Kazuhiro Tsuga, president of Panasonic Corp., addressed his new recruits on Monday telling them that he hopes they will turn the company into “a wonderful place to be.” President Akio Toyoda encouraged his recruits at Toyota Motor Corp. to exhibit “the strength seen in cherry blossoms that can persevere in a harsh winter.”

In the meantime, over in the United States, IT companies are taking their wonderful workplaces and making them into more wonderful places with the aim of cultivating a passion for work. Makes me wonder: Whose responsibility is it to provide “a wonderful place to be” — the company’s or the employees’?

The wellness fad that swept the U.S. in the 1980s is being repackaged in the form of sheik, fun, healthy workplaces by companies like Google, Microsoft and Yahoo. Companies are wooing the best talent by offering workplaces with fitness rooms, massage rooms and recreational spaces.

They’re remodeling offices and thinking outside the box. Why have a normal, black desk chair when you can have a lime green one, for example? Why ride a mama-chari with squealing brakes when your company, Google, will loan you a shiny new banana-colored bicycle to ride? Companies are adding all kinds of gimmicks to make the office a wonderful place to be with on-site gyms, electric cars, free taxi services, etc. In addition, employees occasionally get tickets to sporting games, concerts and movies.

Blowing through Seattle the other day (I was there a total of two hours), I scheduled a business lunch with my friend, Diane Olsen, who works at Microsoft’s headquarters in Redmond, Washington. “What would you like to eat?” Diane asked me, “Thai, Mexican, Mongolian?” These were among the options at the food court on the Microsoft “campus,” a sprawling acreage of over 100 buildings.

“We can go to a restaurant in town if you want, but there’s really no need,” she added.

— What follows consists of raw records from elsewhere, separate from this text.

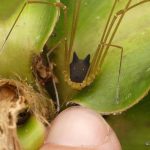 Hem Örümcek, Hem Köpek Gibi Görünen İlginç Canlı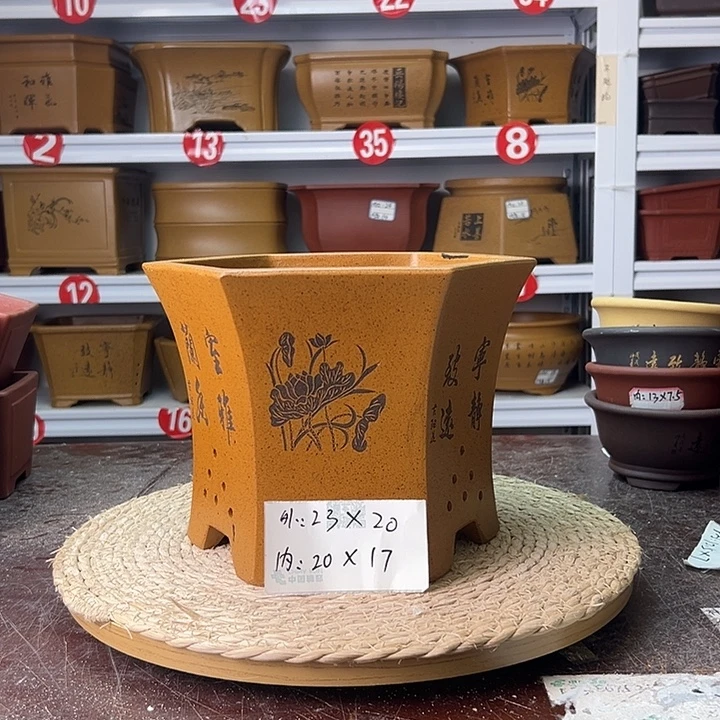 紫砂花盆蛇年大吉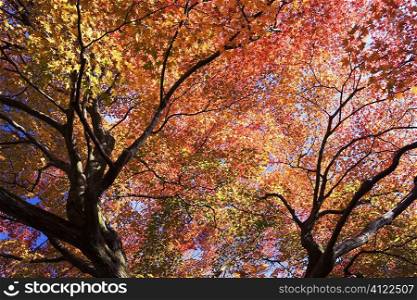 Trees with red and yellow autumn leaves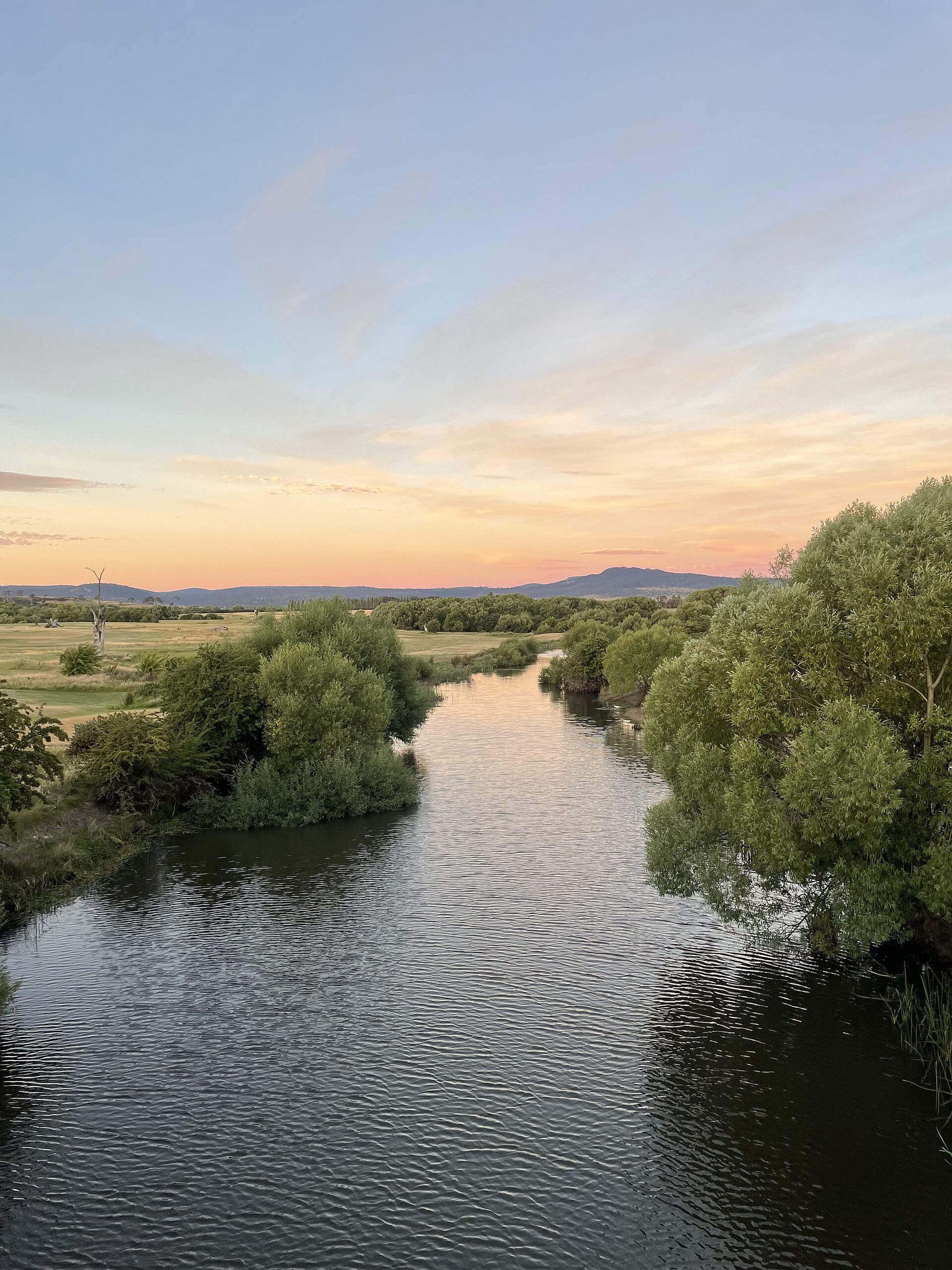 Tasmania Schools and Education Guide: Public, Private, and University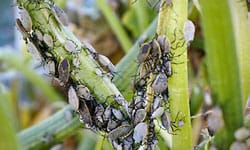 Squash Bugs Squash Bugs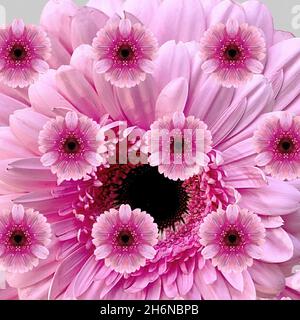 Bella visualizzazione fotografica composta di Pink Gerbera Daisies. Closeup gruppo personalizzato colorato. La Gerbera rosa significa Grazia e bellezza. Natura W Foto Stock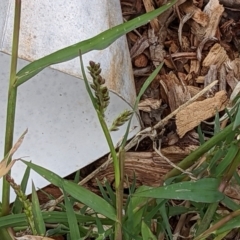 Echinochloa crus-galli at Watson, ACT - 13 Mar 2022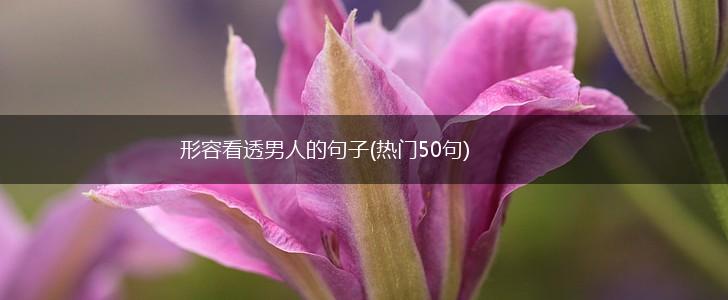 形容看透男人的句子(热门50句),第1张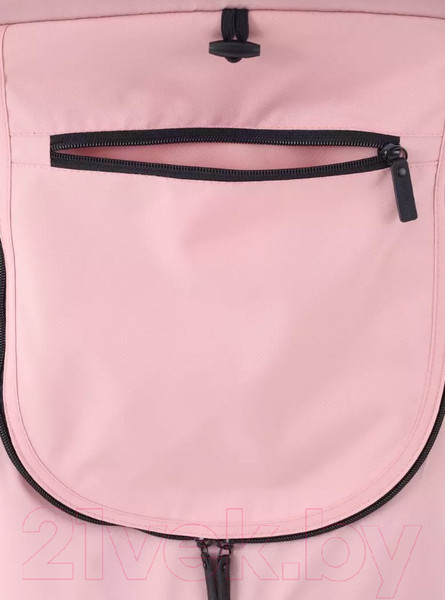 Изображение товара Детская прогулочная коляска Rant Shift Star / RA250 (Cloud Pink)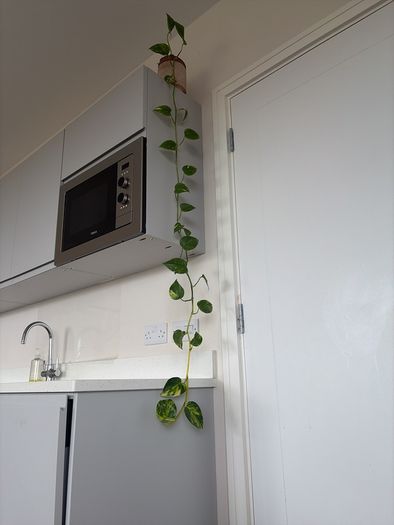 plant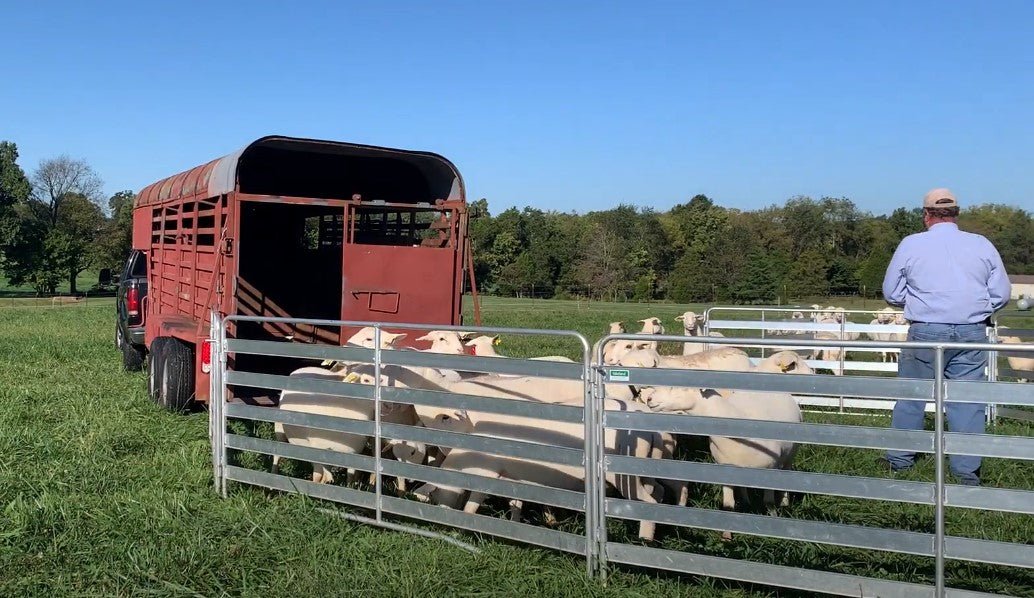 Panels & Gates - Lakeland Aluminum Easy Panel - Lakeland Farm and Ranch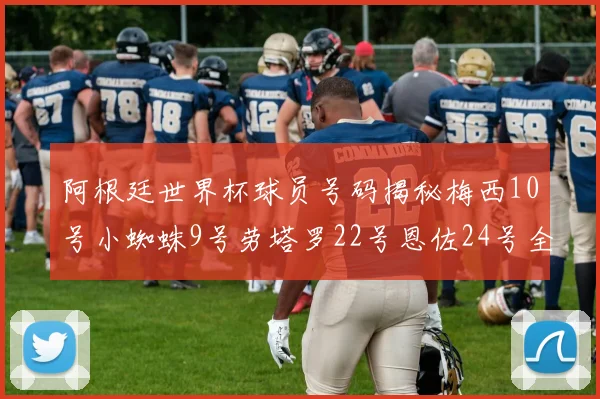 阿根廷世界杯球员号码揭秘梅西10号小蜘蛛9号劳塔罗22号恩佐24号全解析
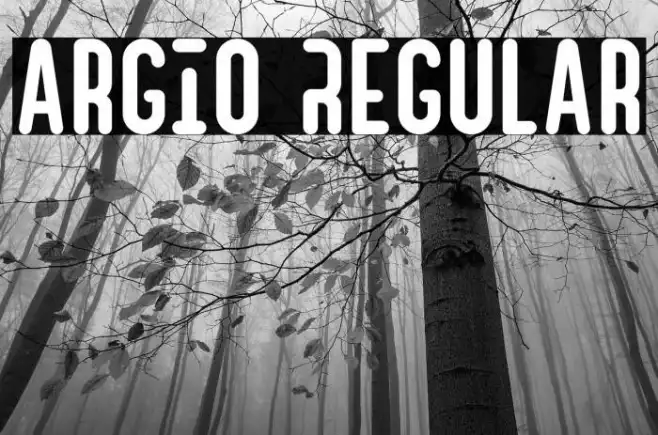 Argio Regular Example 1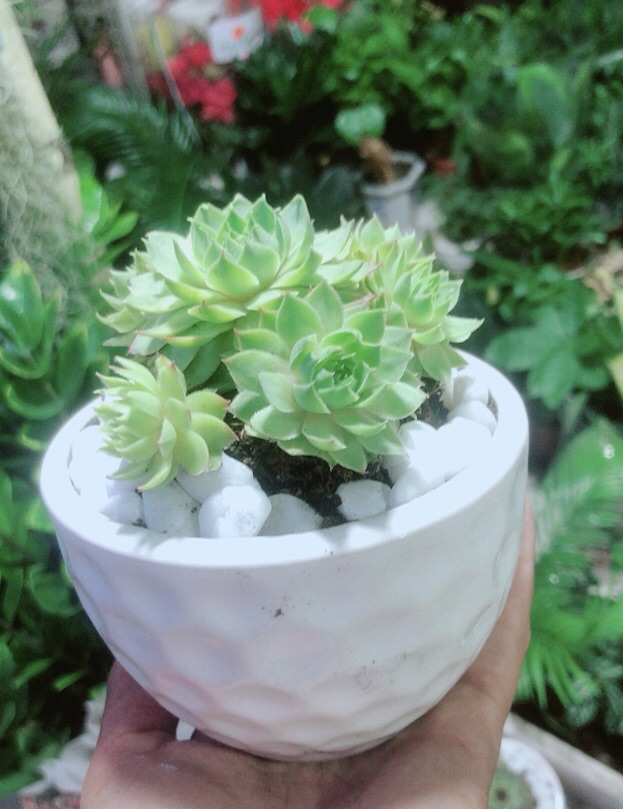 [HCM]Sen Phật Bà Xanh Kèm Chậu Sứ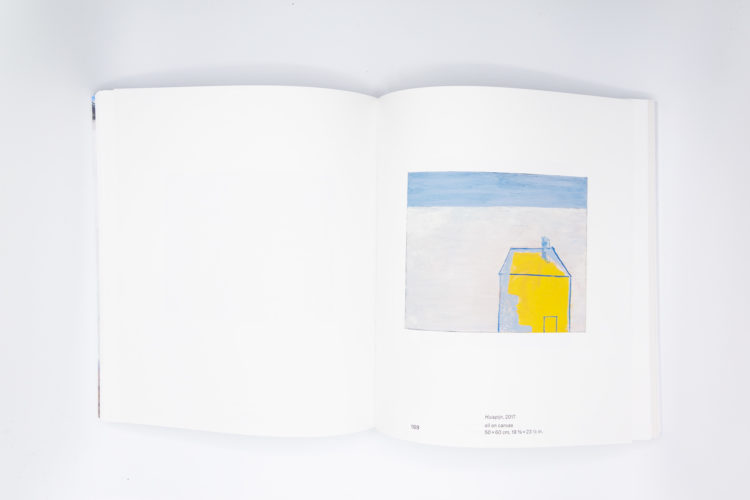 Too many words, Walter Swennen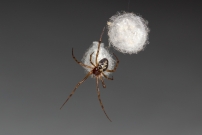 La Malmignatte des maisons. Une femelle et ses cocons (Araneae - Theridiidae - Steatoda triangulosa)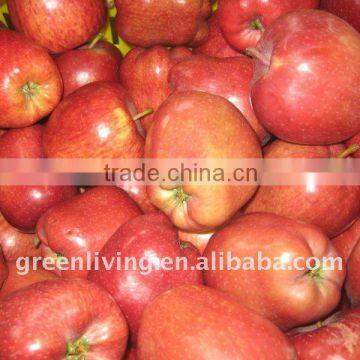 Chinese fresh hua niu apples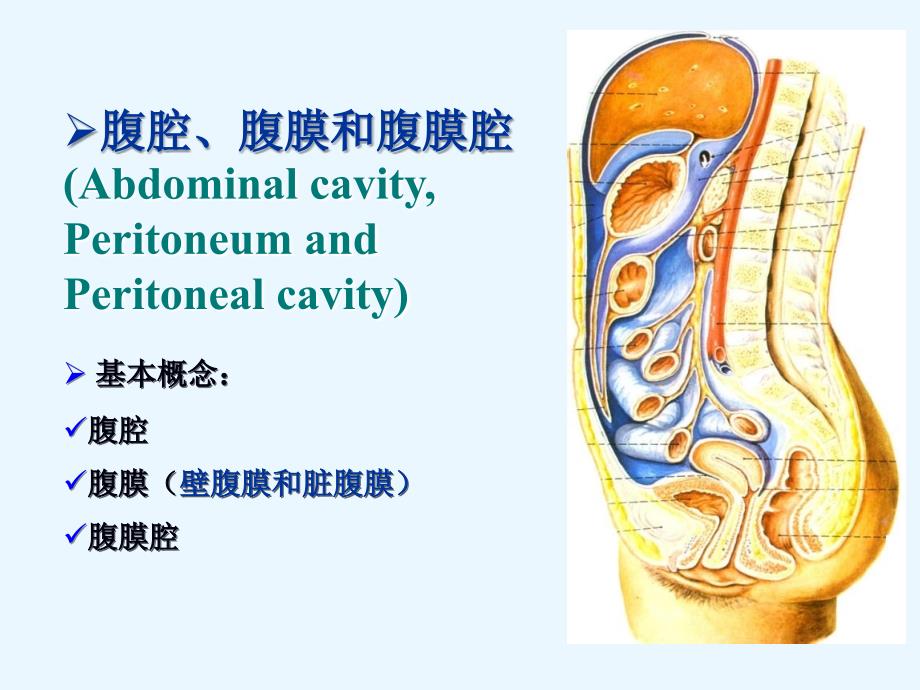 上腹部脏器解剖腹膜和胃_第3页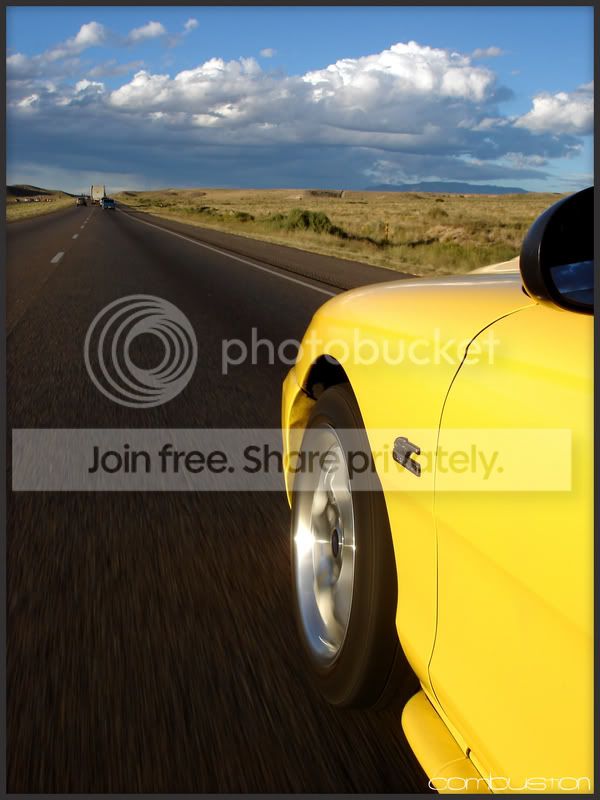 yellowshot2.jpg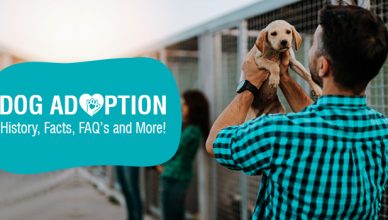 Dog Adoption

We settled on Mongolian (vegetarian, no less) in the food court, a collection of restaurants flanked by mobile phone shops, a credit union and even a bicycle shop (that also sells snowboards, in case you decide you want one for dessert, I guess).

“Yeah, I’m spoiled,” says Diane, as we stepped into a free, private taxi that has been called for us by the receptionist at the food court. The cab would take us 1.6 km back to Diane’s office building. Shuttle busses do go by, but we’d have to wait a few minutes. Besides, they don’t stop exactly in front of Diane’s building. Thus the taxi service. The idea seems to be that if you make a workplace pleasant, your employees will be happier and more willing to spend time at work. Proof? Diane has been there for 16 years. She loves her job. Even more so, her company.

After lunch, I enjoyed hanami while walking across the campus on groomed footpaths that meandered through mini-forests dotted among the buildings. I could imagine the Japanese marveling at the Microsoft campus: “Iiiiii desu ne?! (How nice!) But we could never do that in Japan. Japan is too small! There’s not enough space.”

But it isn’t about physical space so much as mental space. The psychological effect of these workplaces is that they inspire people to be creative and to work with passion and ingenuity. They are enjoyable places to work, wonderful places to be.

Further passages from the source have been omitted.